Which would you put on? 

FWIW, I have Campy SR 11 on my DOGMA 65.1 Think2. I've also confirmed that any of my campy 11 wheels work well with the DI2 stuff.

Anyway, Campy SR11 or DI2?


----------



## MMsRepBike (Apr 1, 2014)

I'd go with Di2. Your SR11 is outdated now and mechanical to boot. The sort of thing that would belong on a previous generation bike. The new SR11 would probably be at home though.


----------



## spdntrxi (Jul 25, 2013)

As much as I think Italian should go on Italian... I'd put Di2 on that F8


----------



## Trek_5200 (Apr 21, 2013)

TIAGRA...

just kidding, my answer is always the same ultegra 6800.


----------



## Trek_5200 (Apr 21, 2013)

spdntrxi said:


> As much as I think Italian should go on Italian... I'd put Di2 on that F8



Regardless of merits, I don't consider Pinarello italian in the same vein as say Colnago or Passoni. I'd get what feels right and lets you enjoy the bike. The italian is only in the name.


----------



## Cinelli 82220 (Dec 2, 2010)

Campagnolo or Shimano doesn't matter as long as it's a compact.


----------



## Trek_5200 (Apr 21, 2013)

Cinelli 82220 said:


> Campagnolo or Shimano doesn't matter as long as it's a compact.

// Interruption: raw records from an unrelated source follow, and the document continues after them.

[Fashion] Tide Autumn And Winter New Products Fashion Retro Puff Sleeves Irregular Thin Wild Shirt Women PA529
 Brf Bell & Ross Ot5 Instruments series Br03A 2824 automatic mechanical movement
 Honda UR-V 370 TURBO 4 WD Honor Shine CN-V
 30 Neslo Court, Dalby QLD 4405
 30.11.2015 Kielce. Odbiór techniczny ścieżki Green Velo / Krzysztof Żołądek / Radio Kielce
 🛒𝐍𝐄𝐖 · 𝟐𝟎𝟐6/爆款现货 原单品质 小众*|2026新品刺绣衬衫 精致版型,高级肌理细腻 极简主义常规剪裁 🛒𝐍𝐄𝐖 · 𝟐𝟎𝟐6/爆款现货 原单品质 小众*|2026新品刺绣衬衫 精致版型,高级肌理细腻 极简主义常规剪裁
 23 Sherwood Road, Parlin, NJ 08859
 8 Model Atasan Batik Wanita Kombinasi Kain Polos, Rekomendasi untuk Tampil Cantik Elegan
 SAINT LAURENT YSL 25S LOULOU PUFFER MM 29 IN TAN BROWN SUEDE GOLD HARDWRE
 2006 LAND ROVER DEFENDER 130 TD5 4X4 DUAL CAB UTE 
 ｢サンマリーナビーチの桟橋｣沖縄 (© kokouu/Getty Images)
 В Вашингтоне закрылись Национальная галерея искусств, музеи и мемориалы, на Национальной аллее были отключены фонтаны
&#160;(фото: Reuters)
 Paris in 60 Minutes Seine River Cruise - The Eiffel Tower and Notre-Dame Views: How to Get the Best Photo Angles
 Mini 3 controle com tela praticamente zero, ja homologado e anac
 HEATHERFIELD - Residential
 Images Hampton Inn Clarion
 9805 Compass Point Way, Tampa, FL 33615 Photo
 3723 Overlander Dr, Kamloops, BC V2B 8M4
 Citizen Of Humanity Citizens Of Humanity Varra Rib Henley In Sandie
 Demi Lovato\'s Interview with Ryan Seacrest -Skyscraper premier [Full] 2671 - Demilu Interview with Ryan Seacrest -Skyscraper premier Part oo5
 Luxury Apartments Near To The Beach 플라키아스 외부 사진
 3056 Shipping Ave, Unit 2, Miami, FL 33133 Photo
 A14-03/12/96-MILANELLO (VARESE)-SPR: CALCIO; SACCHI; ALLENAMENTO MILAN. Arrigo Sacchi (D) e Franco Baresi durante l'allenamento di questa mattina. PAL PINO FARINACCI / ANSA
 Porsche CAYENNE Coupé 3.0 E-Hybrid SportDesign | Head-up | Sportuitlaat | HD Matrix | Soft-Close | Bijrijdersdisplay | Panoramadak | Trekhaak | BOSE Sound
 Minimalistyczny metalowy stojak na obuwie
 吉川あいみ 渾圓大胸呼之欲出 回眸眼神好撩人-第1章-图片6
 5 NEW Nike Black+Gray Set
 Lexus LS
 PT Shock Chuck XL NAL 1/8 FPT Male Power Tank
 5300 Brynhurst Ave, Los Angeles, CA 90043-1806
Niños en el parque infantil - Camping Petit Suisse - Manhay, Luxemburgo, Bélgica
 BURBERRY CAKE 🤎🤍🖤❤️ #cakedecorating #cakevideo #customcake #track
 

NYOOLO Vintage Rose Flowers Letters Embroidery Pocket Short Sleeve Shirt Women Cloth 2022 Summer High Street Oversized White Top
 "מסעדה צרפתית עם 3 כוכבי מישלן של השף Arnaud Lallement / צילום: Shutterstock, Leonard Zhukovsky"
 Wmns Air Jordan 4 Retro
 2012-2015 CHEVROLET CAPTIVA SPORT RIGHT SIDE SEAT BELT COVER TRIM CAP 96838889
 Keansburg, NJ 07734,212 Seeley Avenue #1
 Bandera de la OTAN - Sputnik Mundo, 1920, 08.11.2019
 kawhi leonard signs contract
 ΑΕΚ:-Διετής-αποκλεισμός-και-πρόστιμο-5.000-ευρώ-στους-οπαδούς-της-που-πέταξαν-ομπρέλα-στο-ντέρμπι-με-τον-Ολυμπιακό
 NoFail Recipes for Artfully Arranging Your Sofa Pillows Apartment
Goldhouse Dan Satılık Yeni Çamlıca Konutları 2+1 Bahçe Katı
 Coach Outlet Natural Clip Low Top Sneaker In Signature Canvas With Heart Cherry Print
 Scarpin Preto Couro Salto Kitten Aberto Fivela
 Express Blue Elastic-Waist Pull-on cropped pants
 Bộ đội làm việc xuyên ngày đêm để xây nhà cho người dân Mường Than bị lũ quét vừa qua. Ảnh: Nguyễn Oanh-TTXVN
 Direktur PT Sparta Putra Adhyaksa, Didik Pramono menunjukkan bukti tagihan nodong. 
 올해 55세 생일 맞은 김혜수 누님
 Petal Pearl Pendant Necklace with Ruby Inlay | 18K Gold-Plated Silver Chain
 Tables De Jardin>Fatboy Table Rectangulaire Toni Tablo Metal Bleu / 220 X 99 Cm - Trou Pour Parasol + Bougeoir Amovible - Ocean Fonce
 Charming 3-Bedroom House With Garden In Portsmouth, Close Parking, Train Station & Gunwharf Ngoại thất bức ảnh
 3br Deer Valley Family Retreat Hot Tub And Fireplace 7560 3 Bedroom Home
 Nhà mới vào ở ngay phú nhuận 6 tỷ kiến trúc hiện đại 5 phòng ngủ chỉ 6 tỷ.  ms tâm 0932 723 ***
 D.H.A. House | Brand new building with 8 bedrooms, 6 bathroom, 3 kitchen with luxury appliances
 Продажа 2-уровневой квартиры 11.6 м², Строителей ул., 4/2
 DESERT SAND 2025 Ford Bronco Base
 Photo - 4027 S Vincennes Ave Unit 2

Especially, if you are weak on the climbs. But seriously if you need the gear ratios, at least try to go mid-compact, it's far more aesthetic.


----------



## antihero77 (Jul 26, 2011)

see personally with the 11sp group sets and the fact that u can get a wide cassette 11-32 there is no need in my eyes for a compact ring anymore. I would go shimano ultegra 6800 and if u want to be a weight weenie get a dura ace crank.


----------



## antihero77 (Jul 26, 2011)

let us know what u think of the f8 im thinking of getting one myself


----------